Anomaly Detection of UAV State Data Based on Single-class Triangular
Global Alignment Kernel Extreme Learning Machine
- URL: http://arxiv.org/abs/2302.09320v1
- Date: Sat, 18 Feb 2023 12:43:04 GMT
- Title: Anomaly Detection of UAV State Data Based on Single-class Triangular
Global Alignment Kernel Extreme Learning Machine
- Authors: Feisha Hu, Qi Wang, Haijian Shao, Shang Gao and Hualong Yu
- Abstract summary: Unmanned Aerial Vehicles (UAVs) are widely used and meet many demands in military and civilian fields.
We propose algorithms to detect anomalous data collected from drones to improve drone safety.
- Score: 13.068075546963847
- License: http://creativecommons.org/licenses/by/4.0/
- Abstract: Unmanned Aerial Vehicles (UAVs) are widely used and meet many demands in
military and civilian fields.
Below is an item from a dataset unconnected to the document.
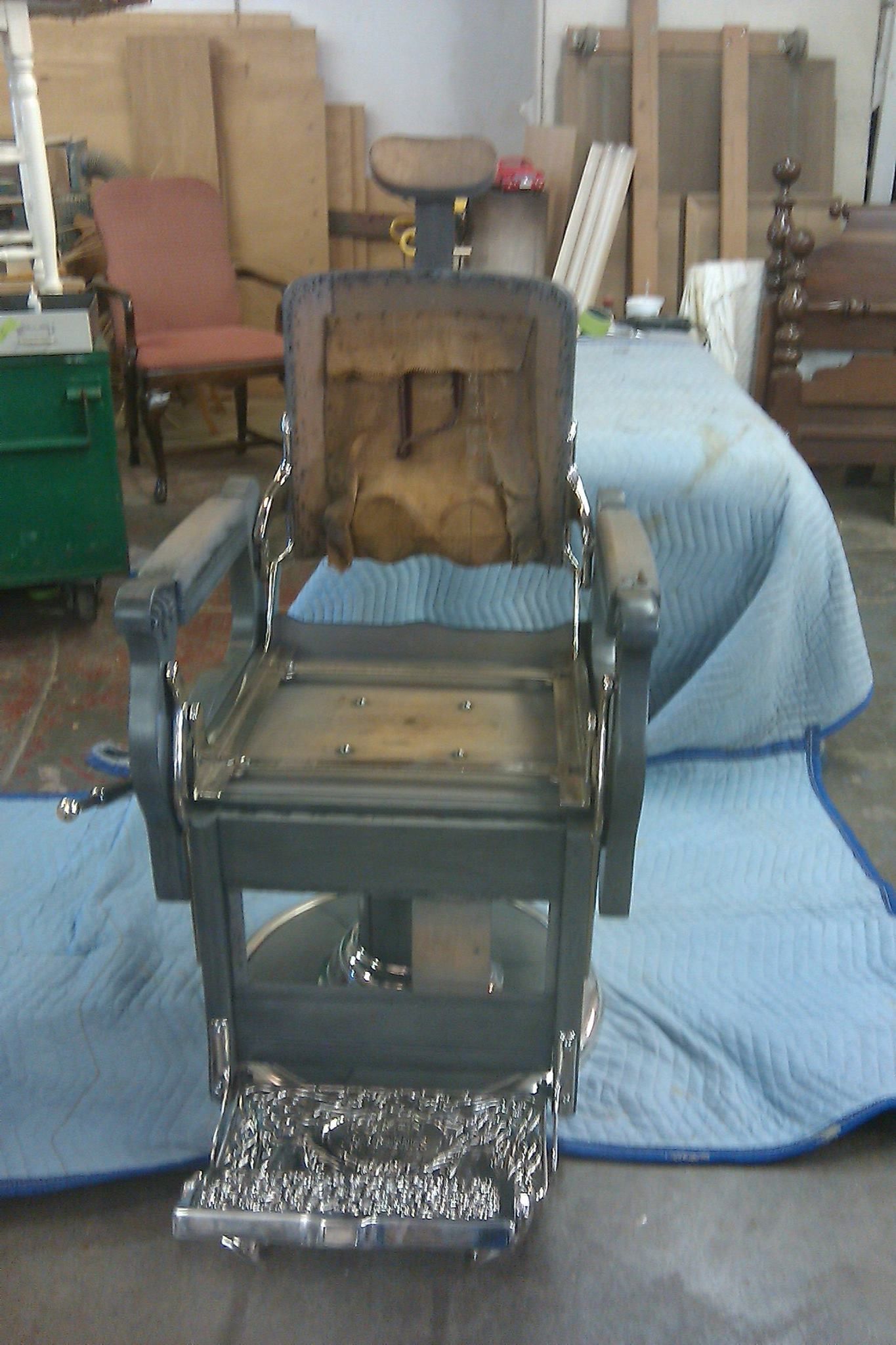 an old barber chair is sitting on a blue blanket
With the continuous enrichment and extensive
expansion of application scenarios, the safety of UAVs is constantly being
challenged. To address this challenge, we propose algorithms to detect
anomalous data collected from drones to improve drone safety. We deployed a
one-class kernel extreme learning machine (OCKELM) to detect anomalies in drone
data. By default, OCKELM uses the radial basis (RBF) kernel function as the
kernel function of the model. To improve the performance of OCKELM, we choose a
Triangular Global Alignment Kernel (TGAK) instead of an RBF Kernel and
introduce the Fast Independent Component Analysis (FastICA) algorithm to
reconstruct UAV data. Based on the above improvements, we create a novel
anomaly detection strategy FastICA-TGAK-OCELM. The method is finally validated
on the UCI dataset and detected on the Aeronautical Laboratory Failures and
Anomalies (ALFA) dataset. The experimental results show that compared with
other methods, the accuracy of this method is improved by more than 30%, and
point anomalies are effectively detected.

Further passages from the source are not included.